Badea Cristian, Gordon Richard
Center for In Vivo Microscopy, Box 3302, Duke Medical Center, Durham, NC 27710, USA.
Phys Med Biol. 2004 Apr 21;49(8):1455-74. doi: 10.1088/0031-9155/49/8/006.
Among the iterative reconstruction algorithms for tomography, the multiplicative algebraic reconstruction technique (MART) has two advantages that make it stand out from other algorithms: it confines the image (and therefore the projection data) to the convex hull of the patient, and it maximizes entropy. In this paper, we have undertaken a series of experiments to determine the importance of MART nonlinearity to image quality. Variants of MART were implemented aiming to exploit and exaggerate the nonlinear properties of the algorithm. We introduce the Power MART, Boxcar Averaging MART and Bouncing MART algorithms. Power MART is linked to the relaxation concept. Its behaviour is similar to that of the chaos of a logistic equation. There appears to be an antagonism between increasing nonlinearity and noise in the projection data. The experiments confirm our general observation that regularization as a means of solving simultaneous linear equations that are underdetermined is suboptimal: it does not necessarily select the correct image from the hyperplane of solutions, and so does not maximize the image quality:x-ray dose ratio. Our investigations prove that there is scope to optimize CT algorithms and thereby achieve greater dose reduction.

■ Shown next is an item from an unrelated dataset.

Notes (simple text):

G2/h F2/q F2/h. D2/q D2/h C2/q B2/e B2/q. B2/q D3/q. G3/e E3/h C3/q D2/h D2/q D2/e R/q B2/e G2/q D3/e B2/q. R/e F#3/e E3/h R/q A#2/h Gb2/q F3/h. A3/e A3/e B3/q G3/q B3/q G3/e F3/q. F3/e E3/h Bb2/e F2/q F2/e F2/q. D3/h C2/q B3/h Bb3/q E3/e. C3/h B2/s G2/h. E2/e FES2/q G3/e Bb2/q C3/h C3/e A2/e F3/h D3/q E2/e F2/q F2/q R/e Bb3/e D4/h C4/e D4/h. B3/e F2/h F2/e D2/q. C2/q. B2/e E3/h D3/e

在断层扫描的迭代重建算法中,乘法代数重建技术(MART)有两个使其从其他算法中脱颖而出的优点:它将图像(进而将投影数据)限制在患者的凸包内,并且它使熵最大化。在本文中,我们进行了一系列实验以确定MART非线性对图像质量的重要性。实现了MART的变体,旨在利用和夸大该算法的非线性特性。我们引入了幂MART、盒式平均MART和跳跃MART算法。幂MART与松弛概念相关联。其行为类似于逻辑方程的混沌行为。在投影数据中,增加非线性与噪声之间似乎存在对抗关系。实验证实了我们的一般观察结果,即作为求解欠定联立线性方程手段的正则化是次优的:它不一定能从解的超平面中选择正确的图像,因此不能使图像质量与X射线剂量比最大化。我们的研究证明,有优化CT算法的空间,从而实现更大程度的剂量降低。